Naming's hard :) Being really pedantic, I think even Google calls the schema description language "Protocol Buffers" and uses phrases like "the Protobuf binary format" or "the Protocol Buffer wire format" to refer to the wire format. Colloquially, it's never confused me to just use "Protobuf" for both.

1 comments

Except I've written thousands of lines of protobuf format handling that never, or only extremely distantly, touch a schema file. But there's no reason you'd ever do the inverse, pushing protobuf schemas around with no intent to handle the wire format. As an abstract data definition format it's exceptionally poor, it only makes sense if you also want to use the wire format (which is... better than poor, especially as the commodity ones go).
> But there's no reason you'd ever do the inverse, pushing protobuf schemas around with no intent to handle the wire format.

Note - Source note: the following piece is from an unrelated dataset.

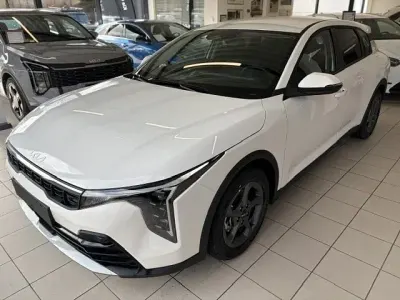 Neu Kia K4 150 PS (110 kW) 2026 Weiß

You could be writing a linter, a formatter, an implementation of the Language Server Protocol, a compiler that's not protoc, a way to apply semantic patches to large numbers of Protobuf schemas, or any number of other useful tools. There's clearly at least some demand for tools like this - partial implementations of most of these exist, often with some corporate backing.

Unless you're implementing a Protobuf runtime (google.golang.org/protobuf in Go, upb for Python, etc.), your experience seems unusual to me - most developers I've encountered read and write the wire format using one of the existing runtimes.

That said, it does sound like a lot of fun - especially if it's in lisp!